PROBLEM REQUIREMENTS: Copy every line of the records below that holds the word "dari".

EXERCISE MATERIALS:
· · · · · · ·
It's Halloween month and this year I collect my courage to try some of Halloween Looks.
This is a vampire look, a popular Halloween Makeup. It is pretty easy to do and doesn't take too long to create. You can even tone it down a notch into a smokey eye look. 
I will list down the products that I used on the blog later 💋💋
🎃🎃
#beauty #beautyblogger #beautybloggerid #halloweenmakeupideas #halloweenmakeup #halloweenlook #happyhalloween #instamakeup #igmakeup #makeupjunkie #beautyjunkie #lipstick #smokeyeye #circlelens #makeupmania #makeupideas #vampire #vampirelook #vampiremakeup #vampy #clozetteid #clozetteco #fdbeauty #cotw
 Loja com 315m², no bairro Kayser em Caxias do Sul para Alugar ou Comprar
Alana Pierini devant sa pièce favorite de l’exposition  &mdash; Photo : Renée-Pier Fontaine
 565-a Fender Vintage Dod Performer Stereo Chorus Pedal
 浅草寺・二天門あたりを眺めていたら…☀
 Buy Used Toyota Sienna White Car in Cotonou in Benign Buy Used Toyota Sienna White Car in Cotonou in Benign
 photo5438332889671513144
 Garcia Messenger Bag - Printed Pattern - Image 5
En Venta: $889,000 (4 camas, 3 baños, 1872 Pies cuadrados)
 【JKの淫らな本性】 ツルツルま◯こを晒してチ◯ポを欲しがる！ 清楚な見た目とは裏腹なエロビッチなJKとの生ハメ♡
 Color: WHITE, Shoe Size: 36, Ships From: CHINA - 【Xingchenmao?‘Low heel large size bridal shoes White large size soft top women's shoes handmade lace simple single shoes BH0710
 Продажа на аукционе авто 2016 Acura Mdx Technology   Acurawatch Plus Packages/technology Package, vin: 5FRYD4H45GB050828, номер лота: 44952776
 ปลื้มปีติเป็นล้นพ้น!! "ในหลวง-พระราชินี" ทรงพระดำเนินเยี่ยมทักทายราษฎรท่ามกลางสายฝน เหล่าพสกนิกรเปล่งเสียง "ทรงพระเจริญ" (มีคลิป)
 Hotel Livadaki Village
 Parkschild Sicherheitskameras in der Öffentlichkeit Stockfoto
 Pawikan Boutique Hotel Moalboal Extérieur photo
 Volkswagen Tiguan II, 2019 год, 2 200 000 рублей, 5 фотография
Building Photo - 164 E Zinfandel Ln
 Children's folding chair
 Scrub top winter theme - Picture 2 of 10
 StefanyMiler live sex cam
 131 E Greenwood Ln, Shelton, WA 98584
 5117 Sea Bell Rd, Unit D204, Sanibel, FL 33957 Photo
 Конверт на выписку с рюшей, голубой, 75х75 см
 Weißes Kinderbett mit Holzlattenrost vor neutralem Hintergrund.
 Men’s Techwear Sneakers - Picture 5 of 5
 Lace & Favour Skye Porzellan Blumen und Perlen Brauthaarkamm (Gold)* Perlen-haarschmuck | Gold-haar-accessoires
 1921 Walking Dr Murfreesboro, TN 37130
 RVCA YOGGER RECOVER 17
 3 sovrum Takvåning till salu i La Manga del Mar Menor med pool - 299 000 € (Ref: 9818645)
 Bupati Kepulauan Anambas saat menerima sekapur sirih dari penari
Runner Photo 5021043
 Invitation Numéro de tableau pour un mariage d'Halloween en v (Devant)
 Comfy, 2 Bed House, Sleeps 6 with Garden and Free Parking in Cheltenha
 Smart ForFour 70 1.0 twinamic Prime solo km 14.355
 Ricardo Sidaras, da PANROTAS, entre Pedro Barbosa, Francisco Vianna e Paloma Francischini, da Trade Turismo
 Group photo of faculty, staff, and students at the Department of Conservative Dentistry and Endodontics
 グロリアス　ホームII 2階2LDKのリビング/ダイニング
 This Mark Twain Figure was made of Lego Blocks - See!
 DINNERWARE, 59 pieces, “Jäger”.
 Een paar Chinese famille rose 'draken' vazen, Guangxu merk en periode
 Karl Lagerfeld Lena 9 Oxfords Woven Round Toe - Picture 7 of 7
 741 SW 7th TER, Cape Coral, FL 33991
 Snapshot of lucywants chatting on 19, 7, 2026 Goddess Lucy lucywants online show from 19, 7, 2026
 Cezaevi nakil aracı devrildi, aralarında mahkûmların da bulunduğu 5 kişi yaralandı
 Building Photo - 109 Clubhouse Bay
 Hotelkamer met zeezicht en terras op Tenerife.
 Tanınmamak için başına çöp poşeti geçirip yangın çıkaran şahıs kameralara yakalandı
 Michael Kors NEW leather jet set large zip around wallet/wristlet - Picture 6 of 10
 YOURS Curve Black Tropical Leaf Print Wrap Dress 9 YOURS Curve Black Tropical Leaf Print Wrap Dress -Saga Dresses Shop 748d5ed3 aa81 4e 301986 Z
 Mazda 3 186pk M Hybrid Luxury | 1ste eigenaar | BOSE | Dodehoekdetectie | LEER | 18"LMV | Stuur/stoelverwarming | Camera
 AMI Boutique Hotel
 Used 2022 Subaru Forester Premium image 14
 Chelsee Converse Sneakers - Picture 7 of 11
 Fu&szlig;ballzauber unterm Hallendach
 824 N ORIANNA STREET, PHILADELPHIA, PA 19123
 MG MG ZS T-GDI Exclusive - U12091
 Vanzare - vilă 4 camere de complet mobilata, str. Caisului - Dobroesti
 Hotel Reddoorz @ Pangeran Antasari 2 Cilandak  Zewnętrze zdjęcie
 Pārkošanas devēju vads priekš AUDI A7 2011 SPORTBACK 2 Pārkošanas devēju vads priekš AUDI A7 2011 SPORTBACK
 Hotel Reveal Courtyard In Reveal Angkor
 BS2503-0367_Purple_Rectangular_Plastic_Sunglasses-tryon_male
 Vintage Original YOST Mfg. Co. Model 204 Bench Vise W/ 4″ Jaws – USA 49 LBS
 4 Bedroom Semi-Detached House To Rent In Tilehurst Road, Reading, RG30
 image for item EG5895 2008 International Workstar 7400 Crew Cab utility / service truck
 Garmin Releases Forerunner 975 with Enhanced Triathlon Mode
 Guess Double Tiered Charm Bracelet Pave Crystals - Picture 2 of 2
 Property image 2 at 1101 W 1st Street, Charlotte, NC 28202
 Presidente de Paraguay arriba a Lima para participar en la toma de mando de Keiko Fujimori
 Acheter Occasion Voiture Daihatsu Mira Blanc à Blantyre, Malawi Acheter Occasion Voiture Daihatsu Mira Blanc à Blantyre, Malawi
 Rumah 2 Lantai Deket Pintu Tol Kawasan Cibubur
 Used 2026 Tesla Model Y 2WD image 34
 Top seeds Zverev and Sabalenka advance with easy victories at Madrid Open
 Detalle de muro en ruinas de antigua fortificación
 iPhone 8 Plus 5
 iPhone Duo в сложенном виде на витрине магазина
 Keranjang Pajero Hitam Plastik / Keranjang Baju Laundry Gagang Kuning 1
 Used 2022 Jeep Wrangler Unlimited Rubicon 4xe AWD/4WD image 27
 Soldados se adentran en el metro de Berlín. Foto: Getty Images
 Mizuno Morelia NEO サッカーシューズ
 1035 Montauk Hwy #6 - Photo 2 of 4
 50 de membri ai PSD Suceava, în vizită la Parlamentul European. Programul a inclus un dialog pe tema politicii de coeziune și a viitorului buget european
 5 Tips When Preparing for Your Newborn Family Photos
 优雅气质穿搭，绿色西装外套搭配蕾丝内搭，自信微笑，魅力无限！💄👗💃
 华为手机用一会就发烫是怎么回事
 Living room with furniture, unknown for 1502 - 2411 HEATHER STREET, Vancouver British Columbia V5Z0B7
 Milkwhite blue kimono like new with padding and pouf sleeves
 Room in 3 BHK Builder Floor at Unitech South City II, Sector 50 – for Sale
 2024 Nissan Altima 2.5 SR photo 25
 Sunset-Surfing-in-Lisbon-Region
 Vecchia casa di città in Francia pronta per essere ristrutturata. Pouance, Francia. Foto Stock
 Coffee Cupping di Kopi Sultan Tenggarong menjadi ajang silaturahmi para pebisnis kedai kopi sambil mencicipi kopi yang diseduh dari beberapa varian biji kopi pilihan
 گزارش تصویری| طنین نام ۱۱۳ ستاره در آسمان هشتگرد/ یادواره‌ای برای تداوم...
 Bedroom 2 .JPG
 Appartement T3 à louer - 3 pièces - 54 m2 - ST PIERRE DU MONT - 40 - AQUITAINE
· · · · · · ·
RESPONSE:
 Bupati Kepulauan Anambas saat menerima sekapur sirih dari penari
 Coffee Cupping di Kopi Sultan Tenggarong menjadi ajang silaturahmi para pebisnis kedai kopi sambil mencicipi kopi yang diseduh dari beberapa varian biji kopi pilihan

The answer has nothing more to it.